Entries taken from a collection
● ● ● ● ●

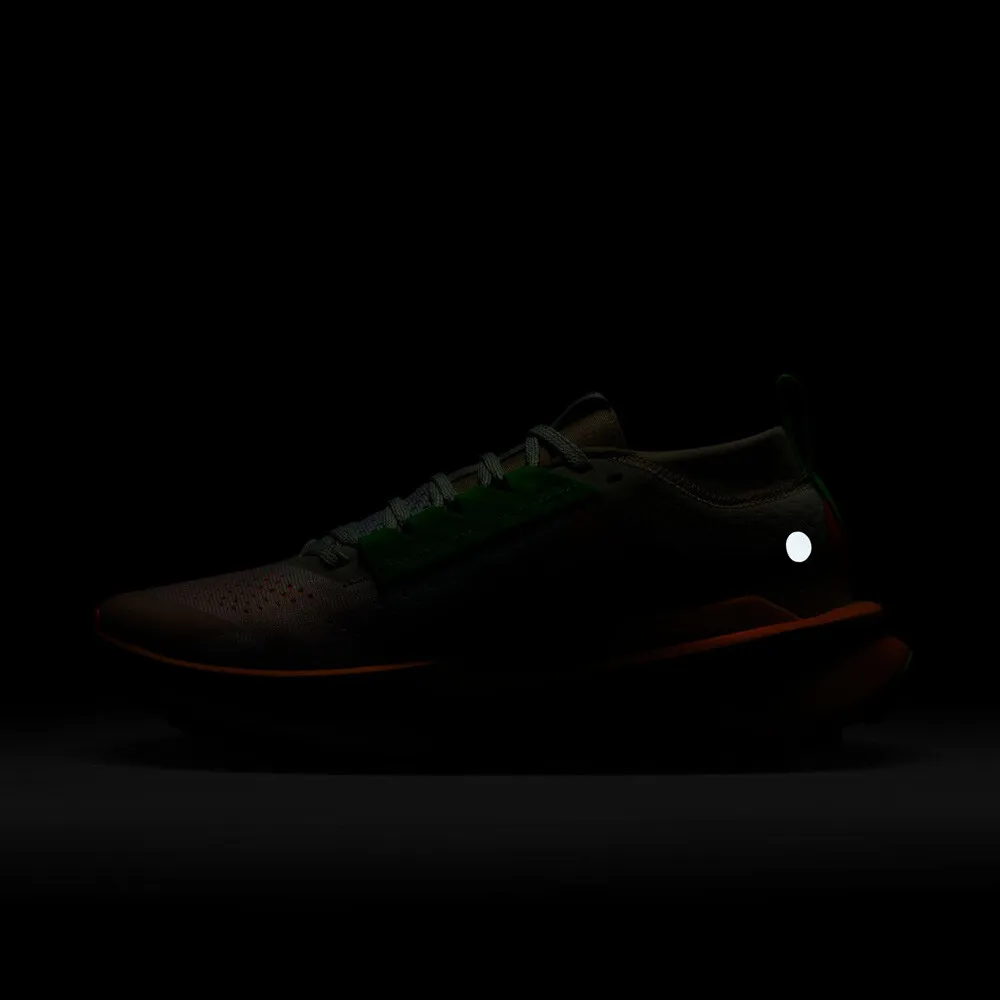 Nike Zegama 2 Scarpe da trail running per donna - FA24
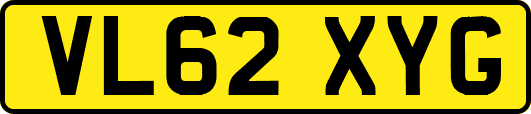 VL62XYG
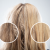 b6eedae5605f13775058b266bd2eb63f.png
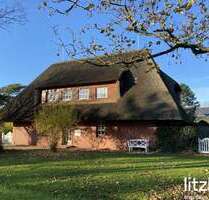 Wohnung zum Kaufen in Sylt Keitum 575.000,00 € 51 m² - Sylt / Keitum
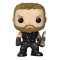 Funko Thor 286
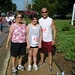 Doris Talley Photo 5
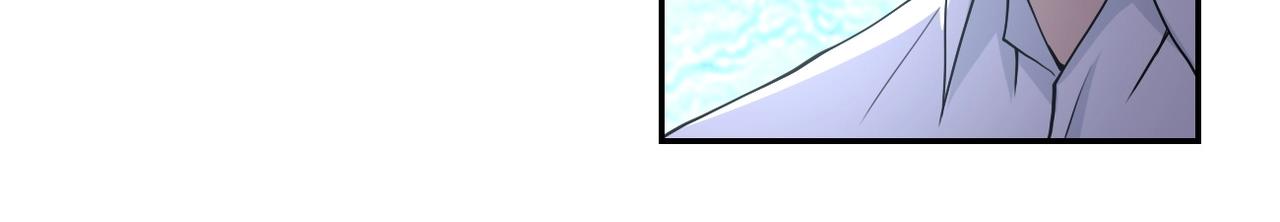 第73话 他的诡计77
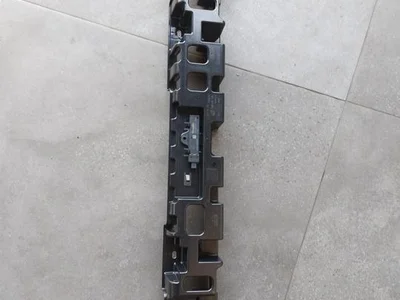 Gebrauchtes Original BMW 5A2CFD5 1 (F70) 2025 Kofferraumschutzwanne, faltbar - Bild 1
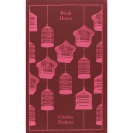 Major Works of Charles Dickens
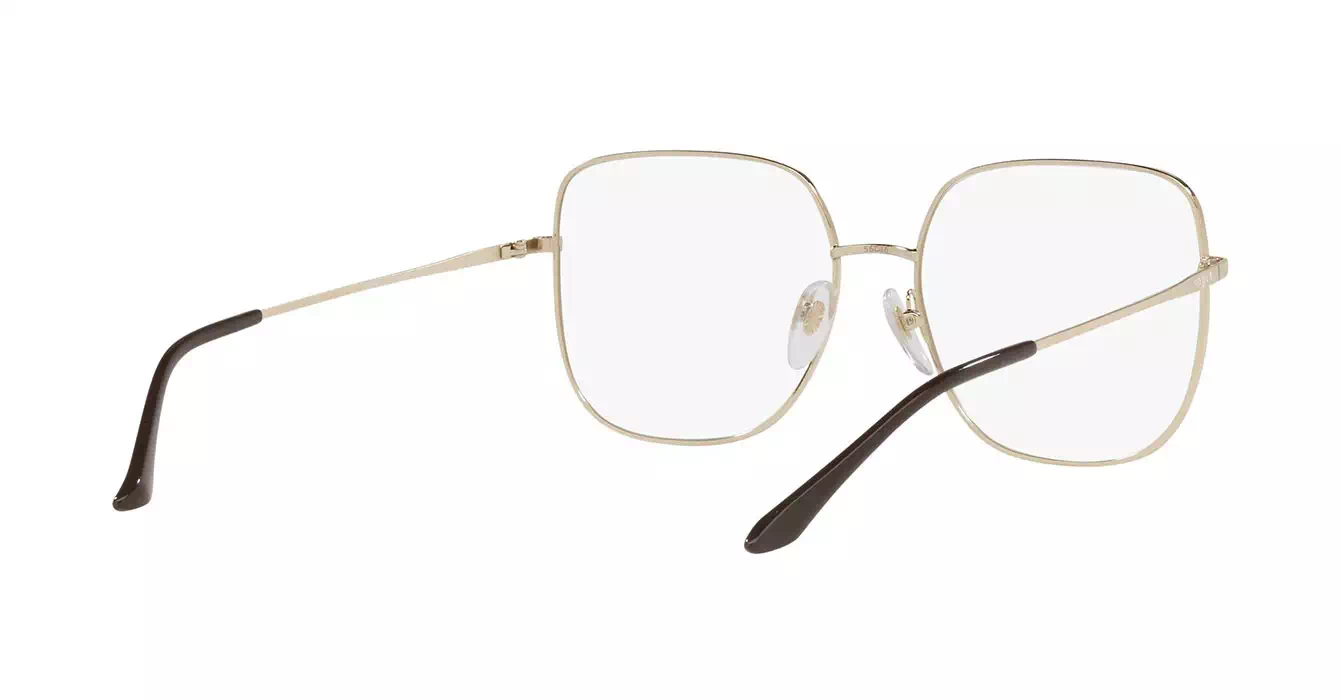Vogue VO4238-D 848 s56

● ● ● ● ●

## WHAT TO PRODUCE
The reply should hold every line of the records unchanged and no pictures.

## YOUR RESPONSE
 Nike Zegama 2 Scarpe da trail running per donna - FA24
 VL62XYG
 b6eedae5605f13775058b266bd2eb63f.png
 Wohnung zum Kaufen in Sylt Keitum 575.000,00 € 51 m² - Sylt / Keitum
 Funko Thor 286
 Doris Talley Photo 5
 第73话 他的诡计77
 Gebrauchtes Original BMW 5A2CFD5 1 (F70) 2025 Kofferraumschutzwanne, faltbar - Bild 1
 Major Works of Charles Dickens
Vogue VO4238-D 848 s56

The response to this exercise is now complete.